RALEIGH – An embattled university program meant to assist soldiers returning from Iraq and Afghanistan must shape up or lose its taxpayer funding, say many of the same North Carolina congressional lawmakers who supported the program’s initial federal commitment five years ago.
The Citizen-Soldier Support Program, housed at the Odum Institute for Research in Social Sciences at the University of North Carolina at Chapel Hill, is meant to connect veterans and their families with support systems in local communities. But the program has drawn criticism in recent weeks after an internal UNC-CH review flagged a series of management, personnel, and financial problems.
As Carolina Journal and the News & Observer of Raleigh reported, CSSP has burned through most of its $10 million in federal funding with little to show for it. Over half of its employees earn six-figure salaries, and some have racked up extensive traveling expenses, laying the groundwork for rumors that CSSP “may have squandered a substantial portion of its funding on overpaid, under-supervised staffers,” according to the internal review.
The program has also faced criticism for agreeing to pay a Kansas-based consultant up to $340,000 and for reimbursing its deputy director, who lives in northern Virginia, for travel between her home and CSSP’s offices in Carrboro.
Those expenses, mixed with other problems identified by the university review, have raised objections among North Carolina’s congressional delegation.
“This program appears to have produced almost no results — other than nice salaries for consultants and bureaucrats,” said Rep. Virginia Foxx, R-5th District.

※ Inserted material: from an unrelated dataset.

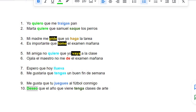Hey y'all, so we are going to do another Spanish tutorial. I am going to teach you guys different ways of using words and some sentence examples.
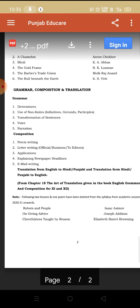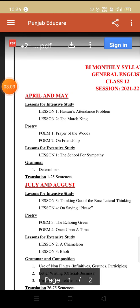Now let me tell you which chapters have been deleted from your syllabus. The chapters are Roberts and People and On Giving Advice — these two chapters from intensive study, Section A, have been deleted. Also, one poem, Cheerfulness Taught by Reason, has been deleted from the poetry section. So we will not be doing these.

“Many of our guardsmen have been deployed two or three times to Iraq and Afghanistan, and that takes a heavy toll on their families back home,” said Rep. Brad Miller, a Democrat from the 13th District. “But worthy goals do not excuse poor performance. I won’t support the program again unless the program fixes the problems that the university’s internal review found.”
Miller’s colleague in the House, 4th District Democrat David Price, was responsible for securing the largest chunk of federal funding — $5 million in 2005. In a statement e-mailed to CJ in late August, Price acknowledged problems in the program but said that UNC-Chapel Hill “has taken concrete steps to address these issues.”
The $5-million earmark had unanimous support from the state’s congressional delegation, according to a UNC-CH press release from June 2005. A number of lawmakers are now having second thoughts, however.
“I will not continue to support federally funded programs that do not reach the goals originally intended for the recipients. The American taxpayers deserve better,” said Rep. Walter Jones, R-3rd.
“The program has failed to put the needs of our Reserve Component members and their families first, and I do not think that the program should be allowed to continue as it currently is administered,” said 9th District GOP Rep. Sue Myrick.
Myrick said she received an anonymous complaint in 2008 about abuses in the CSSP and subsequently contacted UNC system President Erskine Bowles.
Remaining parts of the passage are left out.